» WHAT YOU WILL DO
From the first line to the last, repeat the data exactly and drop the pictures.

(Stored items from a collection)

====

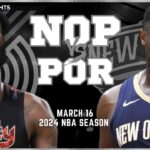 New Orleans Pelicans vs Portland Trail Blazers Full Game Highlights | Mar 16 | 2024 NBA Season
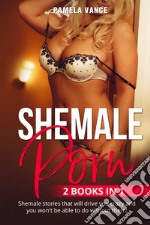 Shemale porn (2 books in 1) libro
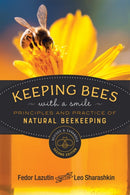 Keeping Bees with a Smile : Principles and Practice of Natural Beekeeping-9780865719279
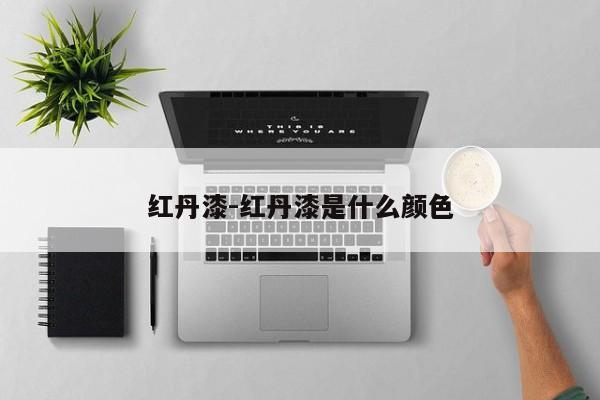红丹漆-红丹漆是什么颜色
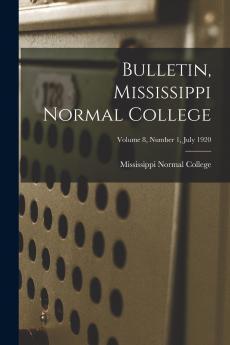 Bulletin Mississippi Normal College; Volume 8 Number 1 July 1920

====

» EXERCISE RESPONSE
 New Orleans Pelicans vs Portland Trail Blazers Full Game Highlights | Mar 16 | 2024 NBA Season
 Shemale porn (2 books in 1) libro
 Keeping Bees with a Smile : Principles and Practice of Natural Beekeeping-9780865719279
红丹漆-红丹漆是什么颜色
 Bulletin Mississippi Normal College; Volume 8 Number 1 July 1920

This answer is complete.